Other areas of optimization for Broadwell include Intel's second generation FIVR design, which offers a new dual-LVR (linear voltage regulator), as well as bypass modes and non-linear droop control. In a nutshell, these optimizations allow for the FIVR block to consume less power based on chip demand. Intel has also developed new 3DL inductors which were removed from the CPU package substrate and are now recessed underneath the die on a tiny module. This allowed for a 30-percent Z-height reduction for the entire module and thinner package overall for tablet designs and the like.
Intel has also improved their clock gating and power control granularity with Broadwell, introducing DCC, or Duty Cycle Control, which builds upon the company's concept of hurry-up and get idle (or HUGI). Essentially, Intel has designed a method to get net-effective clock rates by running at higher frequency for a period of time and then shutting off the clocks (zero leakage) to get the same performance at lower total power consumption. By way of example, rather than run at 5MHz for 4 seconds (50 * 4 = 200), the chip can run at 100MHz for a second, then completely shut off the next second, and then repeat the process (100 * 2 = 200). From here the user experiences the same performance, at a net power savings. That's the general concept anyway.
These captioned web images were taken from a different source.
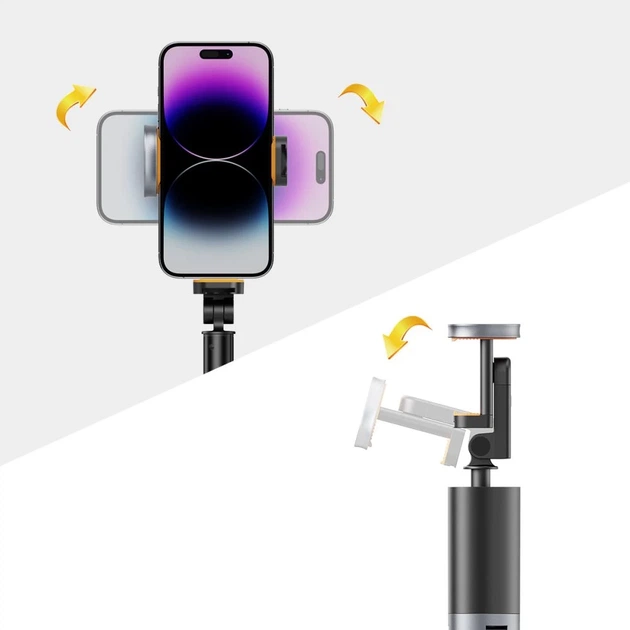 Универсальный штатив Tech-Protect L08S Bluetooth Selfie Stick Tripod Black (5906302308286) - изображение 7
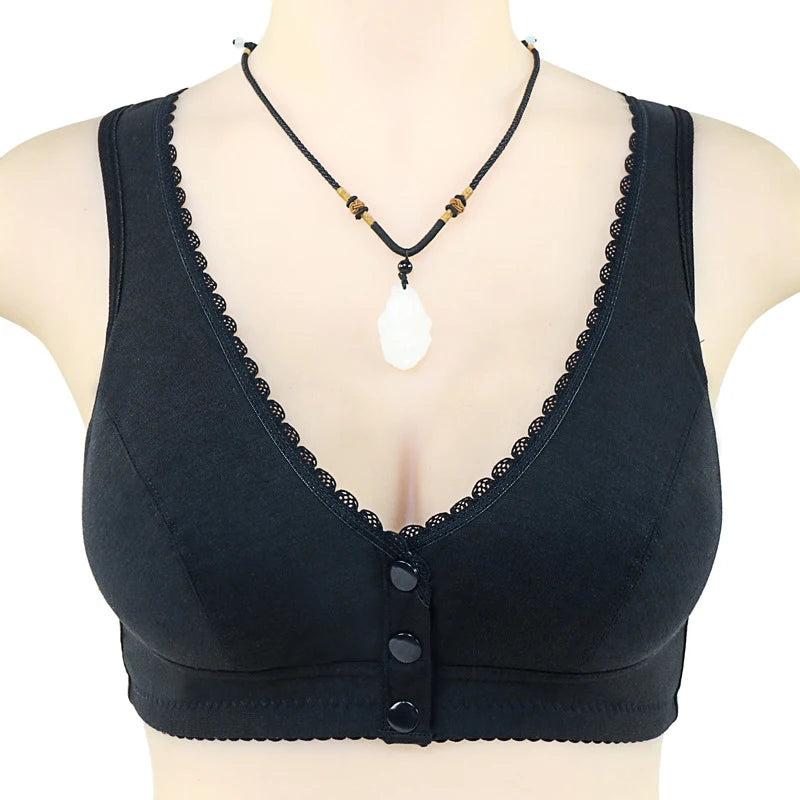 Full Cotton Bras Front Closure Vest Brassiere Soft Intimate Women Underwear Female Intimates Plus Size Bras For Women Wide Strap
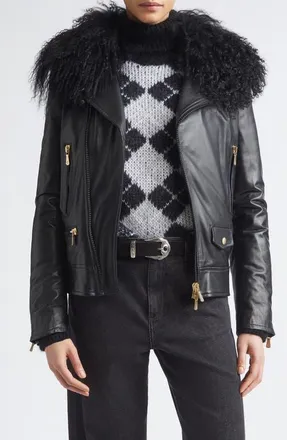 Eleventy Genuine Shearling Collar Leather Biker Jacket in 22 Black at Nordstrom, Size 40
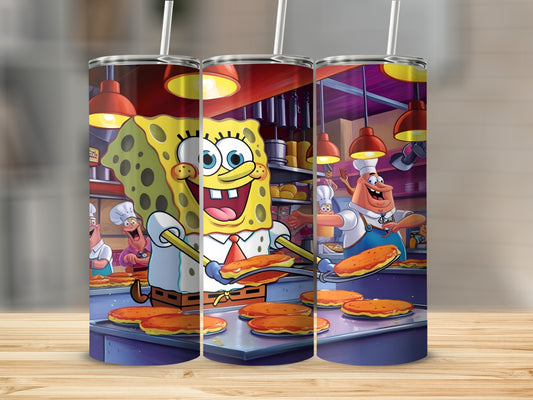 SpongeBob SquarePants holding Krabby Patties in a kitchen.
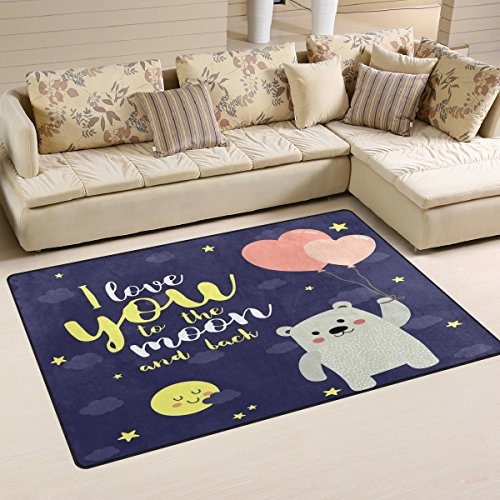 Mnsruu I Love You To The Moon And Back Bear Ballon-Bereich, Teppich, rutschfest, für Wohnzimmer, Schlafzimmer, 50 x 80 cm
Beyond power savings and optimization techniques, let's look at the performance upside that Intel is claiming for their Broadwell in general.
- >5% IPC over Haswell
- Larger out-of-order scheduler, Faster store-to-load forwarding
- Larger L2 TLB (1K to 1.5K entries), new dedicated 1GB Page L2 TLB (16 entries)
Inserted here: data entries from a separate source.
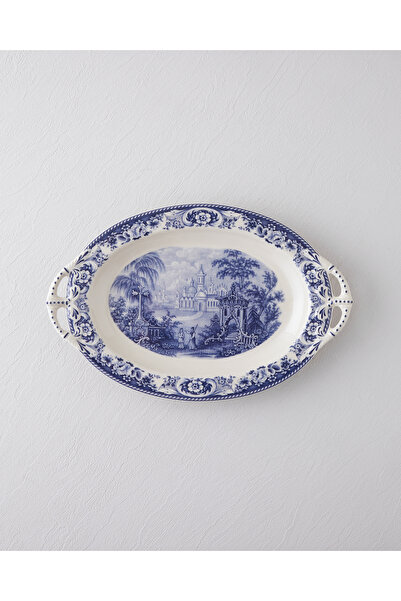 English Home Preston Stoneware Boat Plate 36 cm Navy Blue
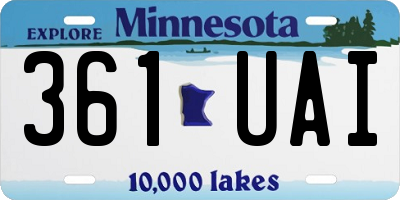 MN license plate 361UAI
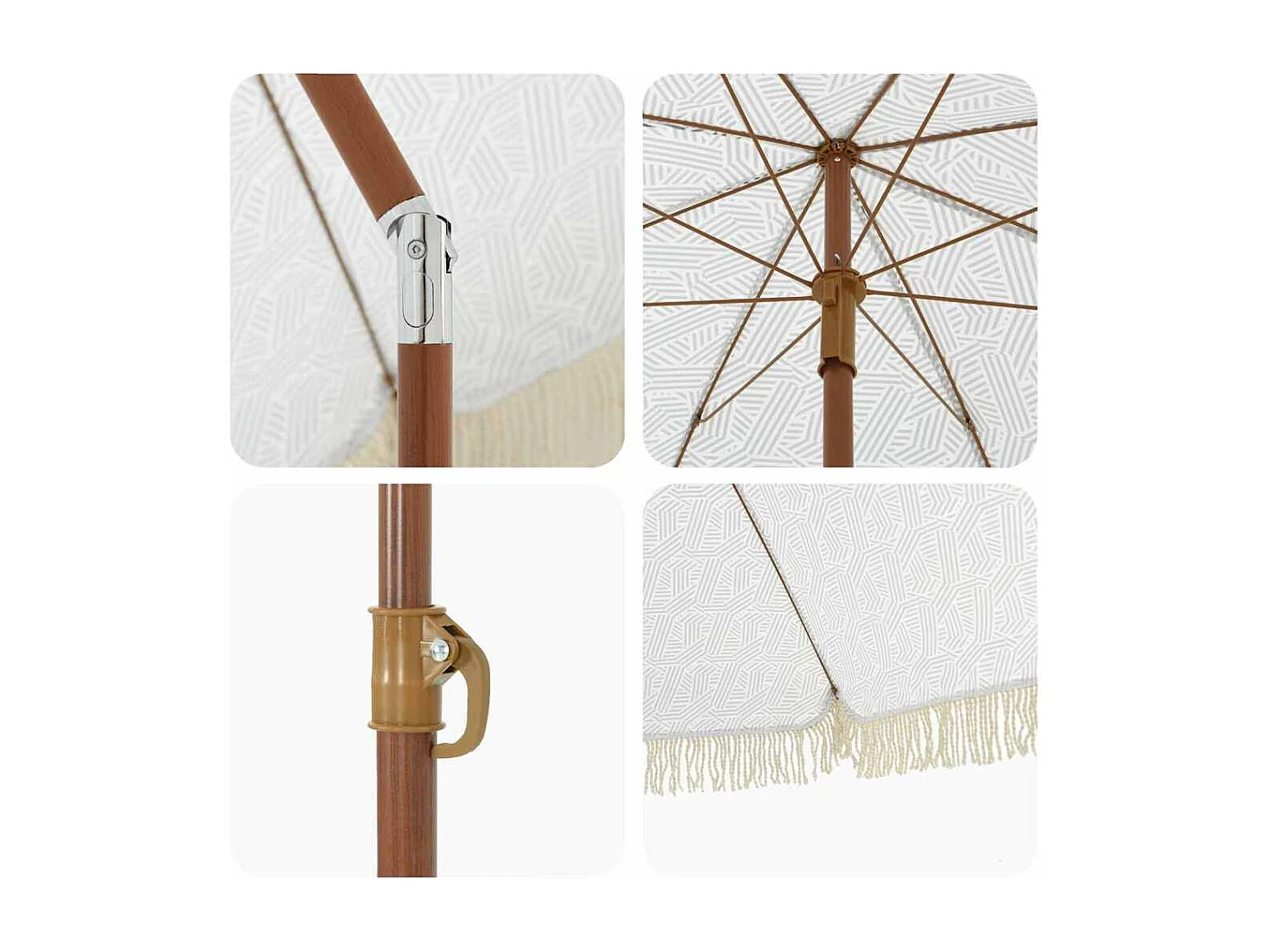 Parasol de jardin-Parasol Gris et blanc Ø 160 x 195 cm Acier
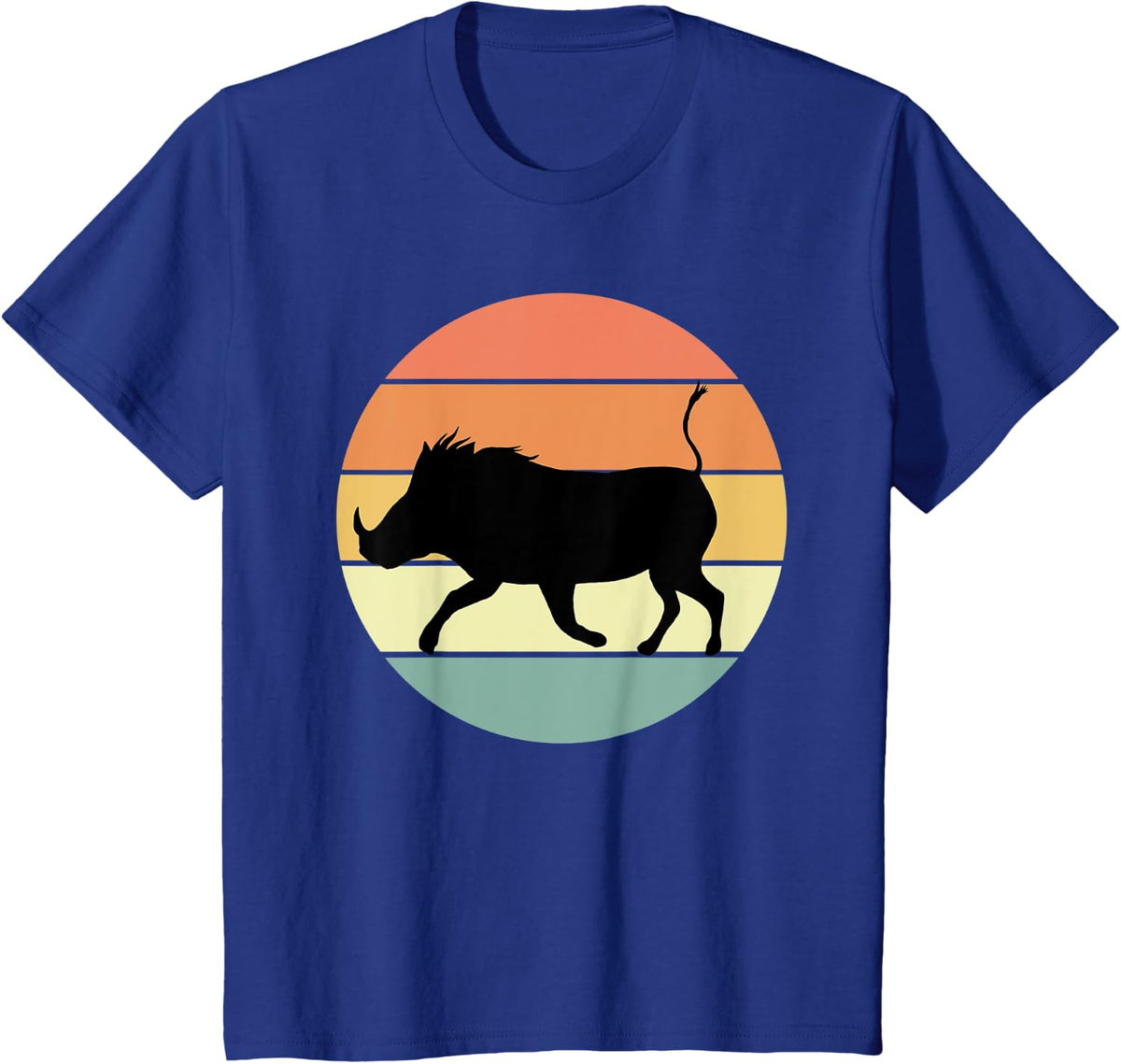 Great Retro Warthog Apparel Wild Pig Lover T-Shirt - Royal Blue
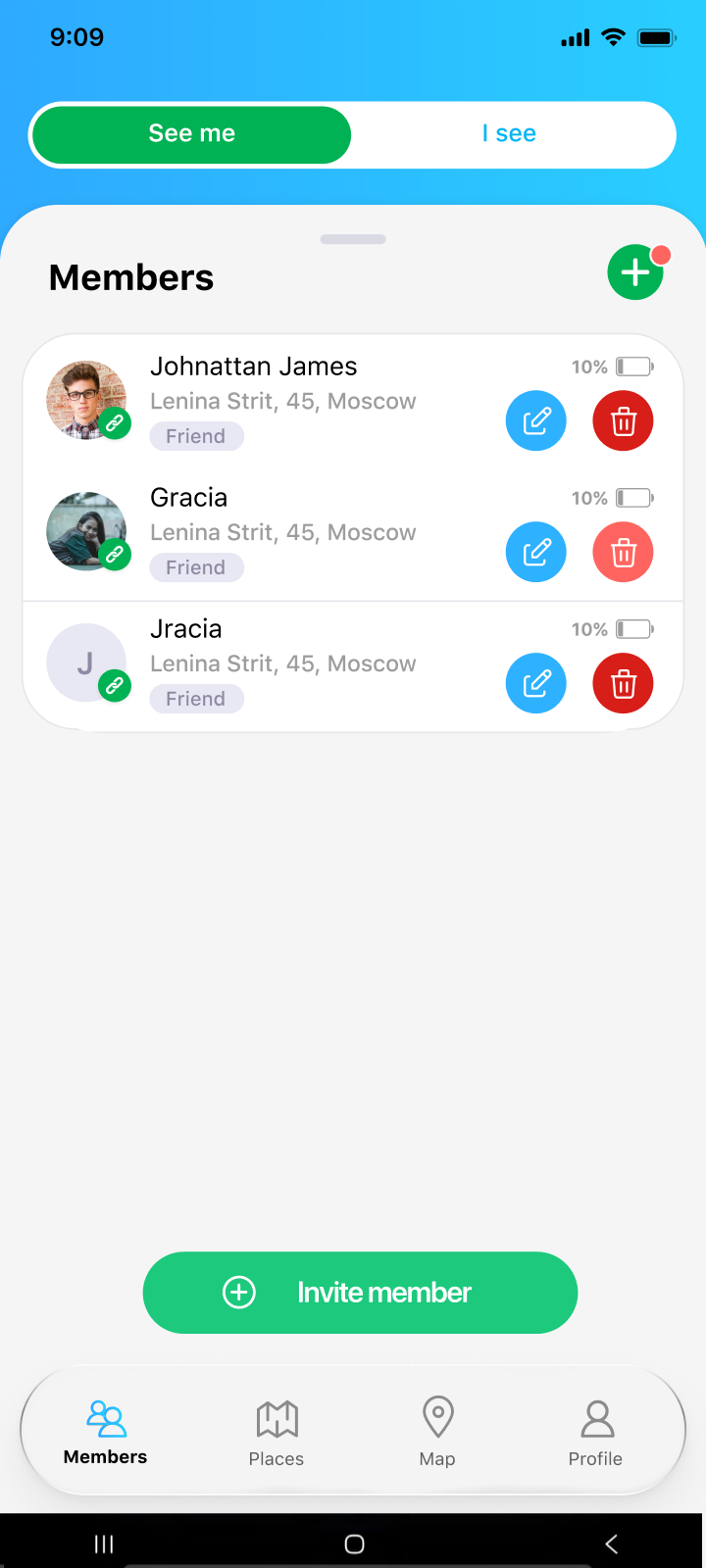 Be Closer members list showing everyone in the family circle and their status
- 2nd TLB page miss handler for parallel page walks
- Faster floating point multiplier (5 to 3 cycles), Radix-1,024 divider, faster vector gather
- Improved address prediction for branches and returns
- Targeted cryptography acceleration instruction improvements
- Faster virtualization round-trips
- Power efficiency Performance features designed at ~2:1 Performance:Power ratio
- Power gating and design optimization increase efficiency at every operating point
The bullet points listed tally most of the CPU architecture and performance improvements Intel was able to achieve with what they're calling the "Broadwell Converged Core." The net gain may seem smallish at only a greater than 5 percent improvement in overall IPC, but when you consider the power consumption reductions and the fact that, with those reductions, a full dual-core Broadwell-Y chip will be able to reside in a very thin tablet form factor (a product segment where only Intel Atom chips have traditionally played), it's a very impressive advancement in sum total to be sure.